Thanks for that wonderful read! And an appropriate day for it too, being Thanksgiving.

Could you revisit your archives some more? There must be some interesting stuff there that you own the copyright of.

In the small collection on Alamy there is some very thoughtful imagery, maybe somewhat too understated for the current UK market perhaps. Or should we say: current clients.

There certainly are some situations there where a small unobtrusive camera that makes no sound at all could have been useful.

 

I never owned a  Rolleiflex nor an MPP, but I had a Speed Graphic (olive drab!). And while you were using Canons and Nikons I was a devoted Olympus user.

 

4.jpg

 

Small neat cameras with pretty good glass, and quiet too.

 

I had a small pocket Canon digital Elph very early on and enjoyed the ability to use it as a Hasselblad, but with the viewfinder the right side up.

I got my first one because an artist I was arranging a show of pen and ink work of, told me he had recently taken up photography again after hating it in art school.

 

IMG_1954.jpg

 

I bought one the next day and had to agree: this brought back fun! A bit later I got the first Olympus dslr and loved it for portraits: instant feedback from the sitter was great. It was much easier to push them to new heights.

When 10 years ago I shifted to a digital SLR for then mainly architecture and travel, it felt like handling Hummers in stead of Porsches. The Canons are huge and ugly beasts.

So for me the RX100's are a new liberation all over again. Quiet and unobtrusive, sadly with a horrible user interface.  There is much extra time required in post too, but not for cloning out 400 dust bunnies any more.

And then with the mk2 came wifi. OK the wifi actually sucks and the app is hopelessly limited, but the idea is brilliant and the results quite good and certainly very useful.
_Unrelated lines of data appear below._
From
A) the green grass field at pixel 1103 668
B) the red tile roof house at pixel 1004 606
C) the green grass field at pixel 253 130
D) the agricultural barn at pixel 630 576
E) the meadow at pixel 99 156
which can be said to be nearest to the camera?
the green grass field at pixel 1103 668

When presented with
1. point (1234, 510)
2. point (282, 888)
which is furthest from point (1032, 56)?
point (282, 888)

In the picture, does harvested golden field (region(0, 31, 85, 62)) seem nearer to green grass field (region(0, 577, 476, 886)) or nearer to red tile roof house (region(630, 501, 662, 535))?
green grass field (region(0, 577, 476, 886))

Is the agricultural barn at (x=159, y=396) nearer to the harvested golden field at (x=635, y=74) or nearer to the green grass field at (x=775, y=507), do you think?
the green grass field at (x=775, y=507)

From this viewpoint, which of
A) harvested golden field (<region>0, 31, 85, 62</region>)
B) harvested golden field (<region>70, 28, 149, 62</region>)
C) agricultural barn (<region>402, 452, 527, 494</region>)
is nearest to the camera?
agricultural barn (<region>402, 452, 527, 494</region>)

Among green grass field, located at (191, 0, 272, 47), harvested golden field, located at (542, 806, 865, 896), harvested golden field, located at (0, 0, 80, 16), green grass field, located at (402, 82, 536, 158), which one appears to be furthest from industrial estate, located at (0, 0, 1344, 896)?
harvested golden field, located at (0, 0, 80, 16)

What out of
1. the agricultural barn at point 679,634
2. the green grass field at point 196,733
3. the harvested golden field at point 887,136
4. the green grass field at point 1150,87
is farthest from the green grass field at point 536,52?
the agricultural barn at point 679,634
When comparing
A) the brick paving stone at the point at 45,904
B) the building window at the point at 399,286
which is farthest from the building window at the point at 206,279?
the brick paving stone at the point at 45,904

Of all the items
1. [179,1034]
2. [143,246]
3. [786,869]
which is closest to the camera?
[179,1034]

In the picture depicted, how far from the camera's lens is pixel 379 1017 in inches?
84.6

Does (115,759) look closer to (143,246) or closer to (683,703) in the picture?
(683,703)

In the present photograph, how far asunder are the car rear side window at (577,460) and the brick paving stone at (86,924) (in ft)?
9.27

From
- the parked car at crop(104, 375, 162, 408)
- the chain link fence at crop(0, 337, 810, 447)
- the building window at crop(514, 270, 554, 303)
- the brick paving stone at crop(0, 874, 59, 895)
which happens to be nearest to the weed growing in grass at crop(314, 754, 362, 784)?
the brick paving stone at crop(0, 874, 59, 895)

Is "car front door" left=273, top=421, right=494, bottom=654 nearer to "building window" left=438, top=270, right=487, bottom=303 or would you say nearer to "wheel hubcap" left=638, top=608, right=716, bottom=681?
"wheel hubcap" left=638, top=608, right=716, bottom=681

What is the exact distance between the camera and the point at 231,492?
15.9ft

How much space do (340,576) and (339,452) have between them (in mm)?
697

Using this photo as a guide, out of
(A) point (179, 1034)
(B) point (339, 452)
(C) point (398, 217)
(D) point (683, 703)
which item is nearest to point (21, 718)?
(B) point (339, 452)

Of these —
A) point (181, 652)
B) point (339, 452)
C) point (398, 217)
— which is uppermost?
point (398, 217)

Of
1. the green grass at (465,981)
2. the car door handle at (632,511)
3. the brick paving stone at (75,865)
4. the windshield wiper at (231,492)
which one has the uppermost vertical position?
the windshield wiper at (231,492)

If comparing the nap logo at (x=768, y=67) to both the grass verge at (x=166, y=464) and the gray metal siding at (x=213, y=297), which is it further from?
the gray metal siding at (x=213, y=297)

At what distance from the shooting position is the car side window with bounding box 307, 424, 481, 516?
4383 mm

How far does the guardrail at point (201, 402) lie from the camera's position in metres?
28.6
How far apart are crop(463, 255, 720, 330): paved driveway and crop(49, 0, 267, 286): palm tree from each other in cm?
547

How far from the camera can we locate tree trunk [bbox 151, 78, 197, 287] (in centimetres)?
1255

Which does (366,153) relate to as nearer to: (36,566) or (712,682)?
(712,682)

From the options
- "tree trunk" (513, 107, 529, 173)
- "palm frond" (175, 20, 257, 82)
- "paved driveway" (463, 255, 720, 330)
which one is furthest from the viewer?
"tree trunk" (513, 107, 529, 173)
Cameras always are, or need to be, a solution to a problem, but sometimes they are en answer to the question what if...

 

Yes I have a decent camera in my phone as well.

I can see the attraction of the Stockimo idea. It's all about directness, unfiltered life, and being in the moment.
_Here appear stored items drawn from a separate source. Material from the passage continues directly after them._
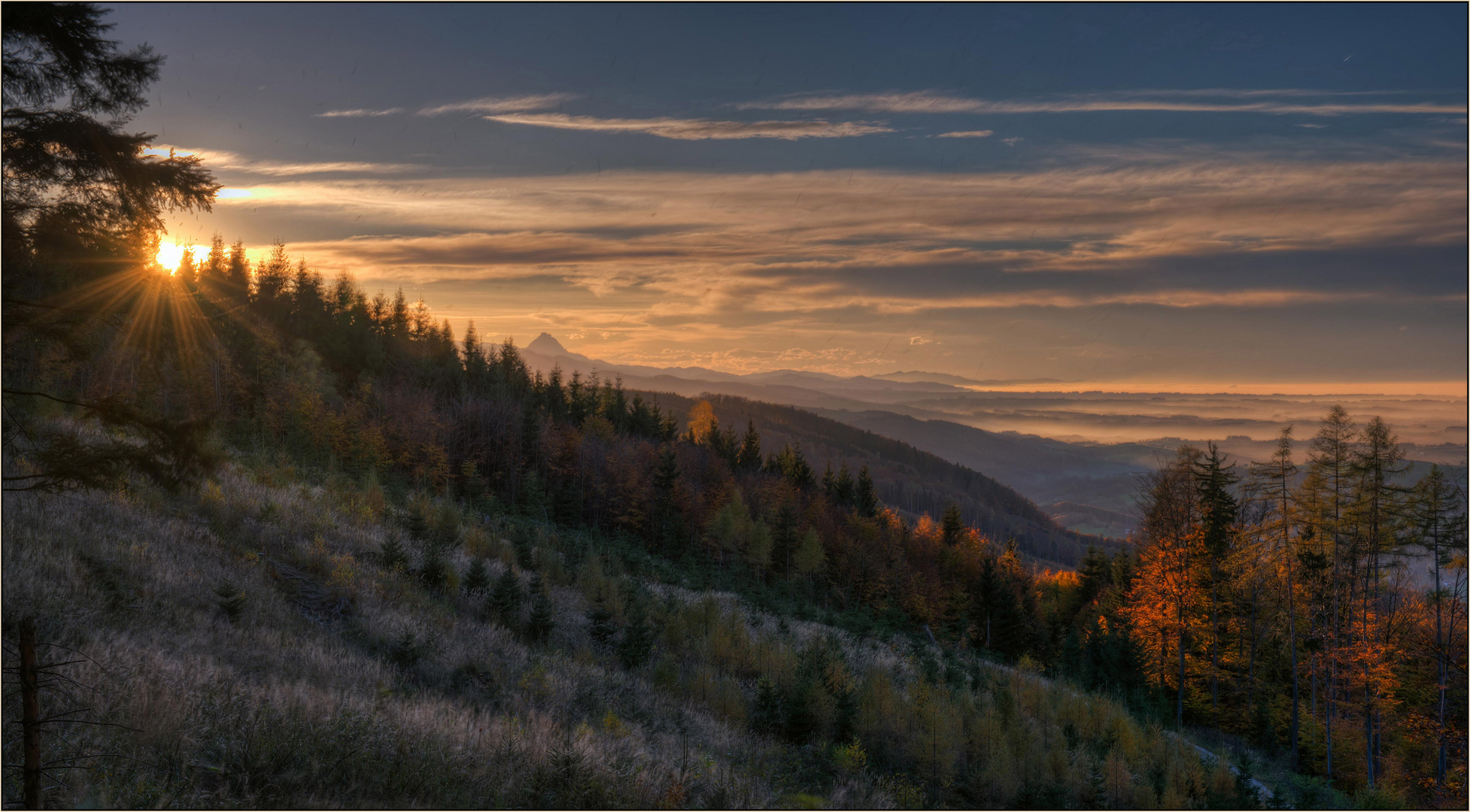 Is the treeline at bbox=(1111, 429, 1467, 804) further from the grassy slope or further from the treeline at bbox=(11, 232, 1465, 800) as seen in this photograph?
the grassy slope

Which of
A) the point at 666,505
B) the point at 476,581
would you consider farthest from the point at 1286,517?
the point at 666,505

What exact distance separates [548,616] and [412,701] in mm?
8105

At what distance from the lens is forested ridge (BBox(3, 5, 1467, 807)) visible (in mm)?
8359

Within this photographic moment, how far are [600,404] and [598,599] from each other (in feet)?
253

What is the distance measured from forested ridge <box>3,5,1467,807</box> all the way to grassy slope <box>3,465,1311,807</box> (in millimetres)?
88

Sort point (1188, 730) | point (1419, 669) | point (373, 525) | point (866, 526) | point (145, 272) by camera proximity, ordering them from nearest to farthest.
Answer: point (145, 272)
point (373, 525)
point (1419, 669)
point (1188, 730)
point (866, 526)

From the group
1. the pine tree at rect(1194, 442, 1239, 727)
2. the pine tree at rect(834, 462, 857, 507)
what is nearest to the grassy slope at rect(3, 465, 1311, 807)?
the pine tree at rect(1194, 442, 1239, 727)

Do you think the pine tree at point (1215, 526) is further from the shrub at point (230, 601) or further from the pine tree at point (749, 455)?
the pine tree at point (749, 455)

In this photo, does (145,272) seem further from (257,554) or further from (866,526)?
(866,526)

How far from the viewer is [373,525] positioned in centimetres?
2803

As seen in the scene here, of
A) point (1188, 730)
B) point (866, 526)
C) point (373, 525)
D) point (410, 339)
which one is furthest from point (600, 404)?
point (1188, 730)

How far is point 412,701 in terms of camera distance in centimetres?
1227

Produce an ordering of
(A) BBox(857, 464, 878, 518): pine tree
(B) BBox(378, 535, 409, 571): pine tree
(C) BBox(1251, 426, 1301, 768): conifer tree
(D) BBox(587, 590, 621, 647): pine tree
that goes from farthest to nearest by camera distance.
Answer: (A) BBox(857, 464, 878, 518): pine tree
(C) BBox(1251, 426, 1301, 768): conifer tree
(B) BBox(378, 535, 409, 571): pine tree
(D) BBox(587, 590, 621, 647): pine tree

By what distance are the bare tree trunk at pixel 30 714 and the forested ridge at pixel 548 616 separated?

For the fact that it wants to be unfiltered it uses an awful lot of filters most of us have ditched at about Photoshop version 5.0 or 5.5 and I don't mean CS5.

It's like fashion: everything comes back, just not the same.

 

Now here's a thought: all of us greybeards, we must be able to shoot our peers like a twelve year old, or a twenty something shoots his/her friends? Must be a huge market for that.

 

Until then, why not think of subjects and situations this camera is answer to? You're familiar with commissioned work. So there it is. Sell it when the challenges dry up, or you need a different tool for some new task.

Remember when you work with it: it's actually a stripped down Hasselblad ;-)

 

All this of course is written with respect: you're ten years ahead of me and who knows how many light years in experience.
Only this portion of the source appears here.